Output the lines of the entries below beginning at the one with "2025 Toyota Sienna LE 8 Passenger" and ending with the last, exactly as written and without pictures.

◆ **Study material**:
<<<<
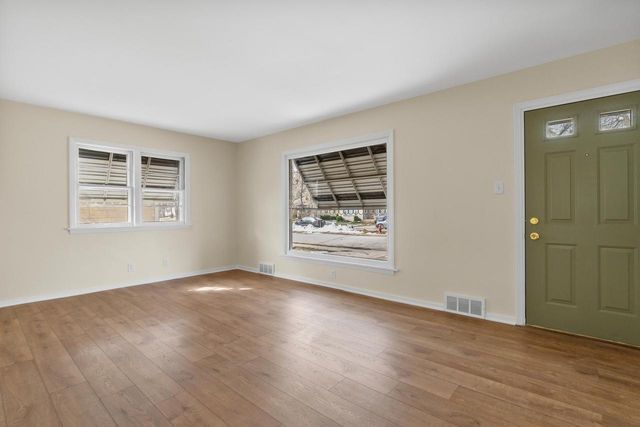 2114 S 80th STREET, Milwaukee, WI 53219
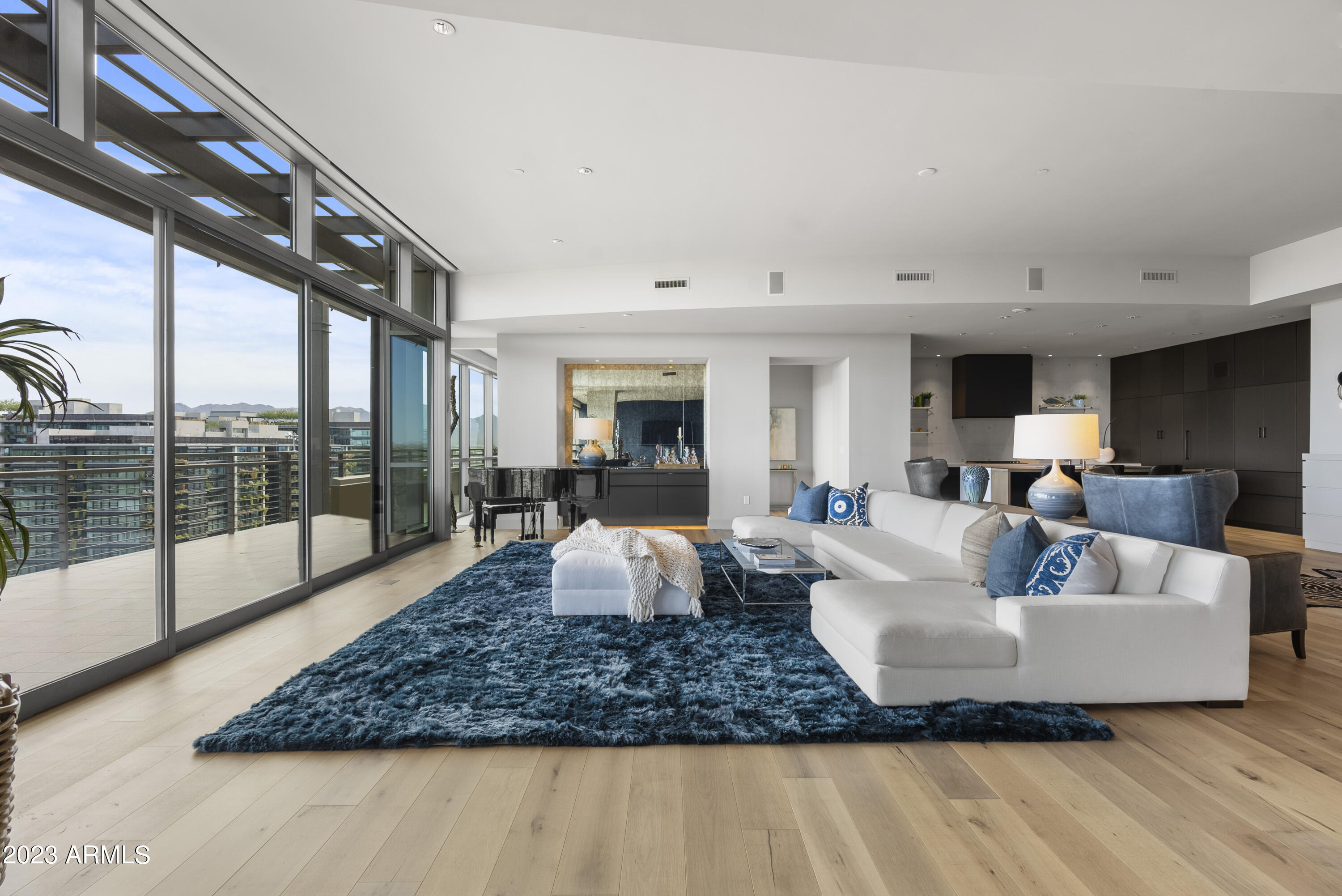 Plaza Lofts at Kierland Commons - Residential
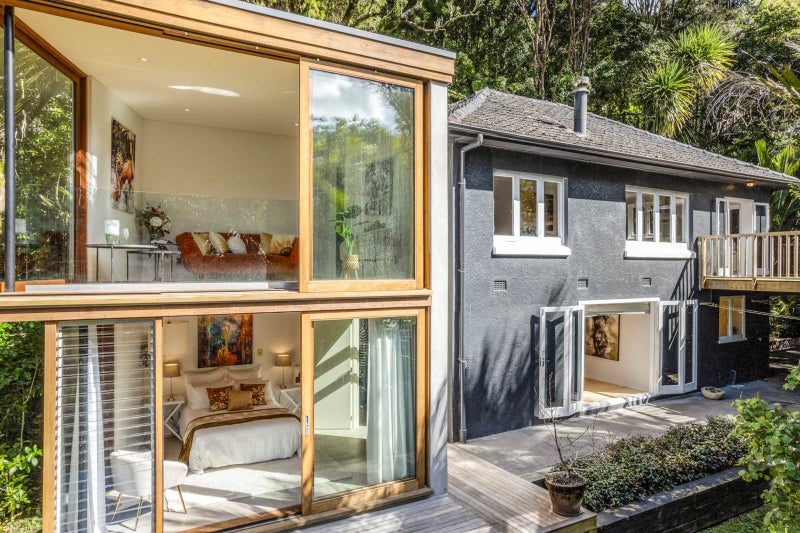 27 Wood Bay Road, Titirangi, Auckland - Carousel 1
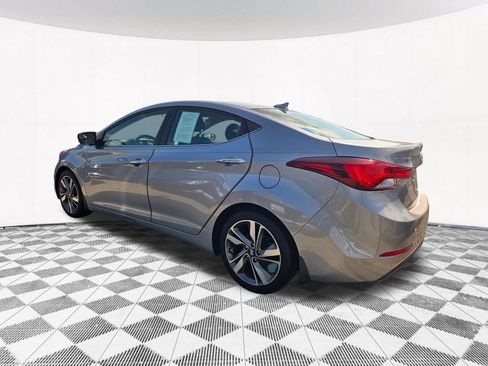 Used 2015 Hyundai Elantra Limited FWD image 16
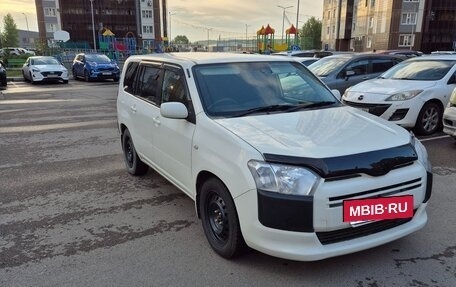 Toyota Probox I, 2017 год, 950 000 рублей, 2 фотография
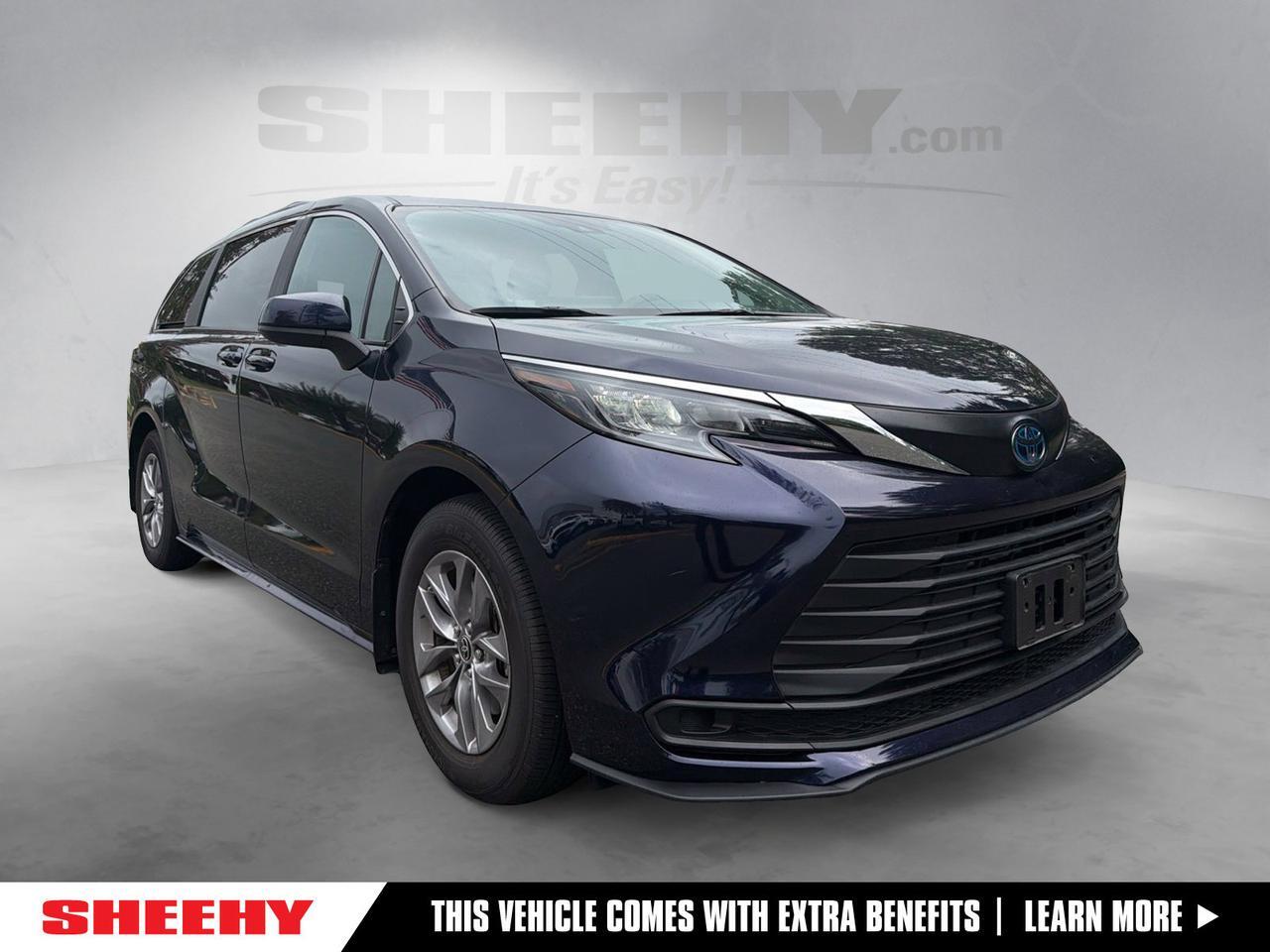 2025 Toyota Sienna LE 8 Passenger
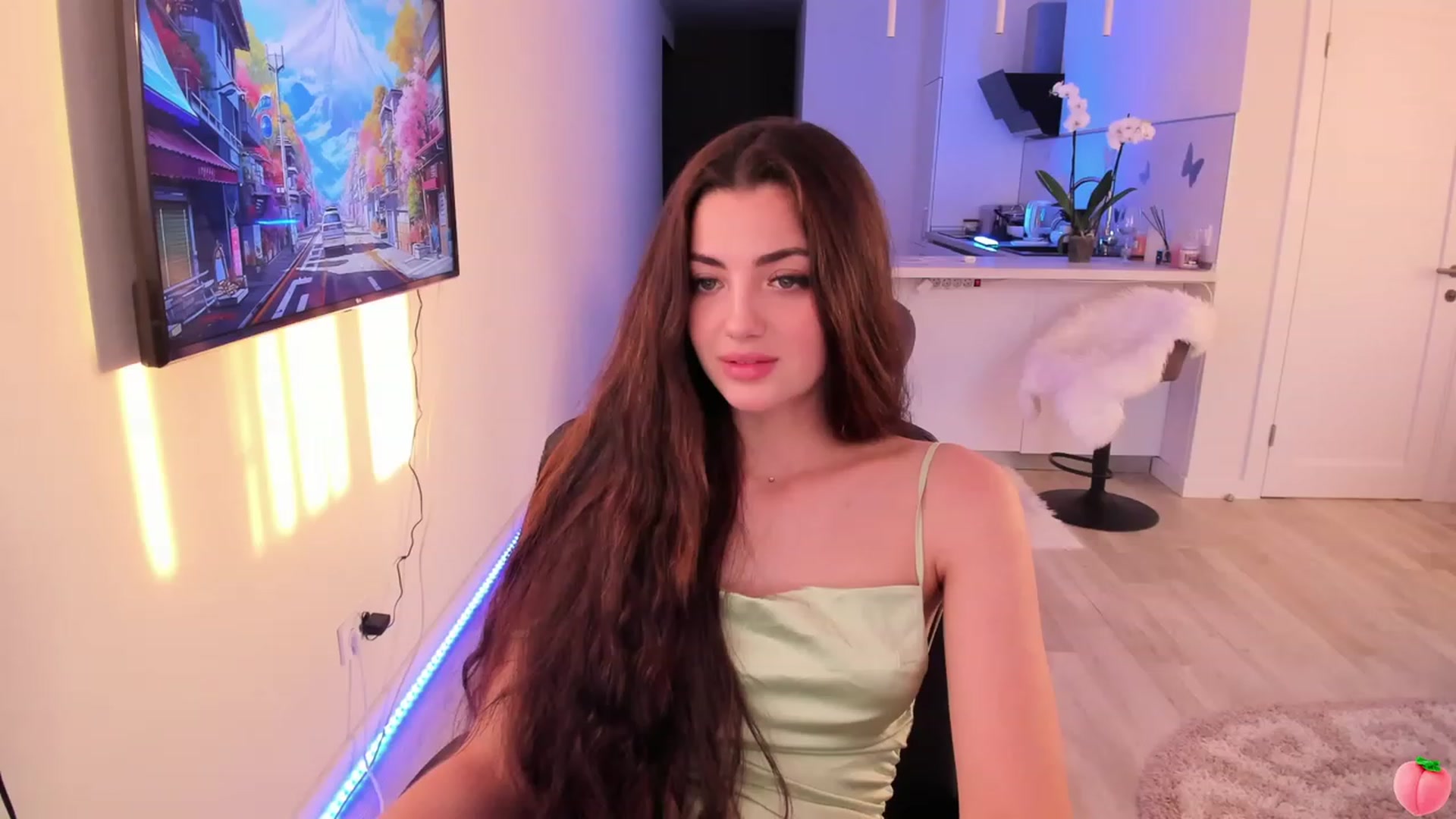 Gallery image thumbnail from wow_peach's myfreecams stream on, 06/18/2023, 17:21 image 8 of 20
>>>>
◆ **Output**:
 2025 Toyota Sienna LE 8 Passenger
 Gallery image thumbnail from wow_peach's myfreecams stream on, 06/18/2023, 17:21 image 8 of 20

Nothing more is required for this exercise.